Although the town of just over 200 persons retains much of its rural charm, for Edwards, one aspect of life has changed in a big way. "I pay more in taxes on my house now than I paid to buy the entire place in the 1930s," he fumed yesterday.

Edwards' feelings were widespread as residents received property assessments for next year that reflected the boom in the county's development. The assessment for the average residential property rose by an average of 12 percent since the last time a countywide assessment took place in 1984, said William C. Gardner, chief of Loudoun's assessment office.

For some Loudoun homeowners, however, the bite they received when they checked Friday's mail was much worse, with property assessments in some cases rising by more than 30 percent.

That news, combined with Loudoun County Administrator Philip A. Bohlen's proposed 3-cent increase in the real estate tax to $1.16 on every $100 assessed value of property, left some residents staggering. "I would hate to move," said Herbert Edwards. "The thing is, with taxes the way they are, a person has to do something."

Gardner said the flurry of complaints and questions coming into his office Monday was predictable, and no more severe than on previous occasions when the county has released assessments, some of which have reflected increases even greater than this year's.

Most Loudoun supervisors contacted yesterday said the increased assessments did not seem excessive, and merely reflected the rising value of land in Loudoun's realty market, as homeowners and corporations alike flock to the county that describes itself as Washington's "business frontier."

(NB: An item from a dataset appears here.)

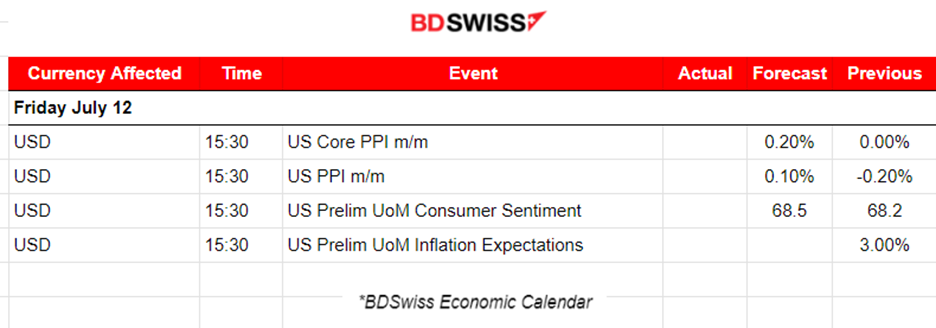 U.S. Inflation Surprise Dropped to 3%, Massive USD Weakening, JPY Strengthened, Gold Jumped, Crude Oil Stable, U.S. Indices Plunged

Still, the assessment figures, combined with a $108.7 million budget proposed by Bohlen last week, have been cause for sober talk among Loudoun officials about the costs of the county's enormous expansion. The budget proposal represents a 32 percent increase over this year.

"We're like the person that signed on to the Visa card. The bills are coming," said Loudoun Supervisor Frank Raflo (D-Leesburg), long an advocate of controlled growth.

Raflo believes that if this year's trends continue as he expects, Loudoun will soon have the highest rate of growth and the fastest rising tax rate in Virginia.

Loudoun Board Chairman James F. Brownell (R-Blue Ridge) agrees. "Things are happening so fast here, and the property assessments are just one reflection of it. Things are going to keep going up, up, up." Concern about this tends to be most severe in western Loudoun, where many families have lived for generations, and resentment of growth often runs high.

Suspicion countywide about the reasons for the increased assessments has been furthered by the timing of the letters announcing the increases, which came just one day after Bohlen announced his proposed budget increases. Some believe that the county may have exaggerated estimates of property value so that there would be more money to spend.

"You can't help the feeling that there might have been a little fooling with the books," said Supervisor Frank I. Lambert (R-Catoctin). "I don't know if that's true . . . . It's just the appearance."

Other officials yesterday vigorously denied there was any tampering. The budget and the assessment processes are "completely divorced" from one another, Gardner said.